Install Dependencies
Airflow needs some C libraries and system utilities.
sudo apt-get update sudo apt-get install -y libssl-dev libffi-dev build-essential python3-dev \ default-libmysqlclient-dev unixodbc-dev libpq-dev gcc g++ git
If you skip any of these, the subsequent pip install apache‑airflow will choke with cryptic errors. I’ve seen folks run into “cannot find a working version of libssl” after an upgrade that removed libssl-dev.
Install Apache Airflow via pip
Choose the extras you actually need—postgres, mysql, or just sqlite.
pip install apache-airflow[postgres] --constraint "https://raw.githubusercontent.com/apache/airflow/constraints-2.7.0/constraints-3.8.txt"
Why the constraint file? Airflow is picky about which versions of its dependencies play nice together. The constraints file pins them to a known good combination.
Add an Airflow User and Home Directory
Airflow’s default home directory ($AIRFLOW_HOME) should be owned by a dedicated user to avoid permission headaches later.
sudo adduser --disabled-login airflow sudo mkdir /home/airflow/airflow sudo chown airflow:airflow /home/airflow/airflow
Without this, you’ll run into “Permission denied” errors when the scheduler tries to write logs.
Configure Airflow Settings
Drop a minimal airflow.cfg into your home.
cp ~/airflow-venv/lib/python3.8/site-packages/airflow/config_templates/airflow.cfg \ /home/airflow/airflow/airflow.cfg sed -i 's|#sql_alchemy_conn = sqlite:///'$AIRFLOW_HOME'/airflow.db|sql_alchemy_conn = postgresql+psycopg2://user:pass@localhost/airflow|' /home/airflow/airflow/airflow.cfg
Why edit airflow.cfg?
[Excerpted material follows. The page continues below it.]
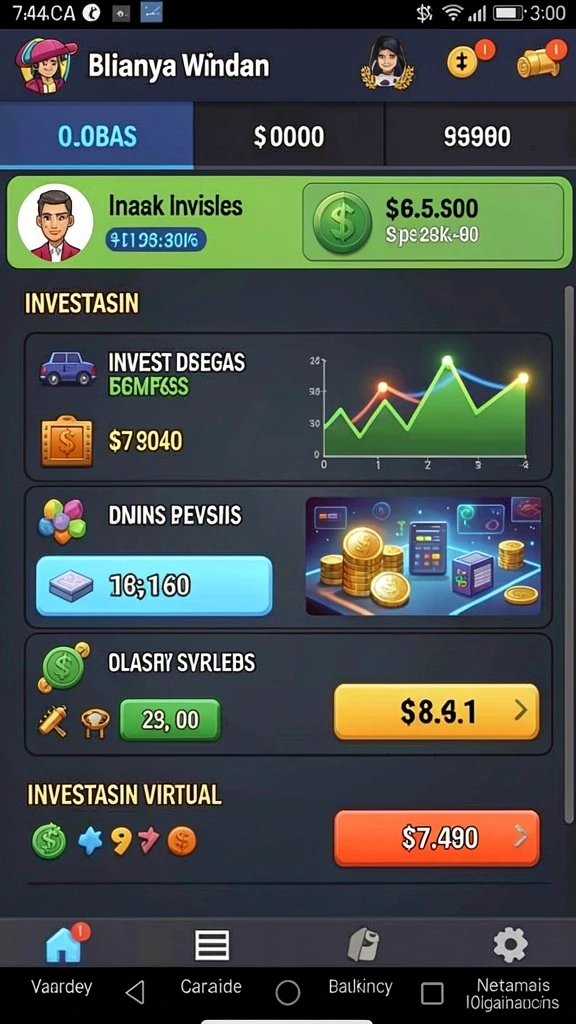 ind89 APK Versi Terbaru untuk Android 2026 screenshot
The default uses SQLite, which is fine for experimentation but not production. Pointing it at PostgreSQL (or MySQL) gives you durability and better concurrency.
Initialize The Database
Run the DB migration scripts so Airflow knows how to store its metadata.
sudo -u airflow ~/airflow-venv/bin/airflow db init
If you skip this, the web server will barf about “no such table” on first load.
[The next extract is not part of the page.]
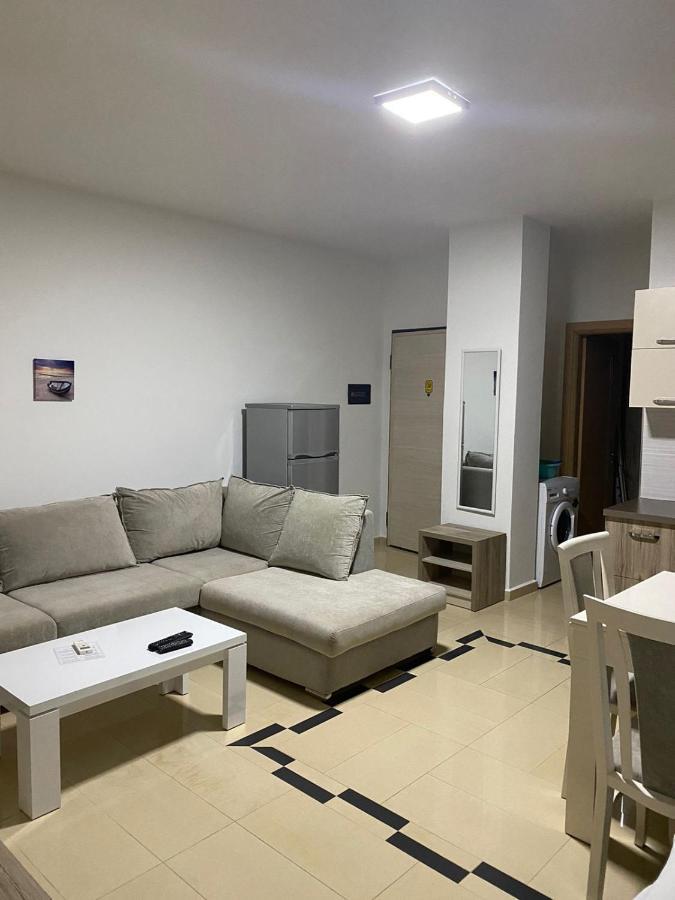 Jasmine Apartments Саранда Экстерьер фото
Start The Scheduler & Web Server
You can run them in separate terminals or use systemd for persistence.
sudo -u airflow ~/airflow-venv/bin/airflow scheduler & sudo -u airflow ~/airflow-venv/bin/airflow webserver --port 8080
The scheduler is the heartbeat; without it, DAGs never run. The web server lets you see that heartbeat in a browser.
Common Pitfalls
- Python version mismatch – Airflow 2.x requires Python 3.8+. If you’re on 3.9 or newer, install a virtual environment with the right interpreter.
- Library conflicts – A recent apt upgrade can pull in a new OpenSSL that breaks the compiled cryptography wheel. Re‑install Airflow after the upgrade to fix it.
- Permissions on log directories – The scheduler writes logs under $AIRFLOW_HOME/logs. Make sure the airflow user owns this folder.
That’s all the hard work. From here, you can drop your DAG files into /home/airflow/airflow/dags and watch them run.